# Makarov



## oppie (Nov 27, 2006)

What do you think of a Makaraov for a CCW? I've seen a couple Russian and DDR models. Both in 9x18 and .380. Those who own them seem to like them. They look interesting. Anyone know about the particular ammo requirements?

Thanks!

Oppie


----------



## Revolver (Aug 26, 2006)

Stephen Camp has a couple of good articles on it:
http://www.hipowersandhandguns.com/makarov.htm
http://www.hipowersandhandguns.com/MakarovBersa.htm


----------



## oppie (Nov 27, 2006)

HI Revolver. Thanks for the links. I had thought that the only true Makarov's was either the Russian or E. German. Apparently I was mistaken. I'd love to here if any HGF members have anything hands-on experience. Thanks!

Merry Christmas.

Oppie


----------



## Baldy (Jun 21, 2006)

That's a real good tip Revolver gave you as Mr.Camp writes very good articles on guns. Think about joining their forum also as there is a lot of good info there too.


----------



## bh-il (Jan 23, 2007)

*Makarov for CCW*

I have an East German 1964 Makarov in 9X18, and it shoots point of aim and I have never had a FTF or FTE in over 1,500 rounds of both ball and Barnaul JHP. I have had several friends and my wife shoot it, and all really liked it.
Two police friends of mine bought Makarovs for backup guns.
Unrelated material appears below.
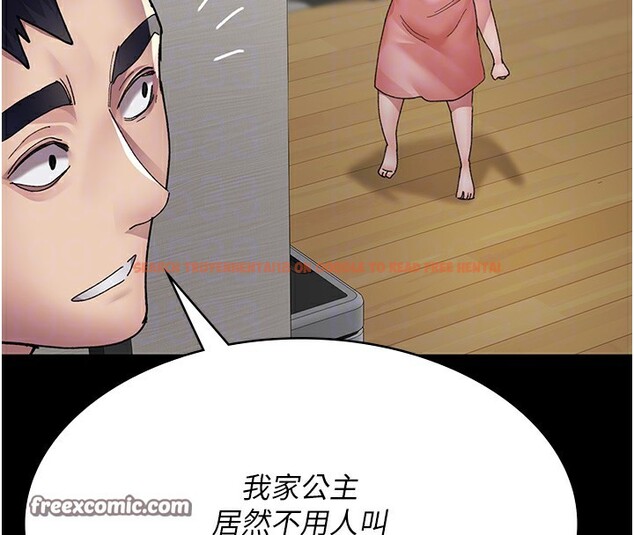 查看漫画夜間診療室 - 第86話-想要我射在哪裡? - sayhentaiz.net中的2849962图片 查看漫画夜間診療室 - 第86話-想要我射在哪裡? - sayhentaiz.net中的2849962图片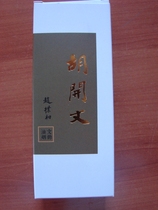 Wenyun ink 250 grams produced by Hu Kaiwen in Tunxi Anhui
Just make sure you practice with it and make sure your particuliar gun likes what you are feeding it.

The East German and Bulgarian are usually considered the best and most reliable. Or you could try out the CZ's that fire the 9X18. I have heard great things about them from friends that have worked in that part of the world.
:smt1099


----------



## 9mmFan (Jan 11, 2007)

Oppie - I have a Bularian Makarov. I carry it about half of the time. I also have had no problems and shoots where you point it. The ammo is easy to find and usually costs $6.95 / 50 rounds.
The only thing I recommend is that you clean it EACH time you shoot it.

Here is link to Makarov forum

http://www.makarov.com

Message board button on left.


----------



## Maximo (May 26, 2006)

I have several friends with Makarovs and they all have nothing but good things to say about them. They are a little heavy for their size and capacity but accuracy and reliability are much more important and that they are.


----------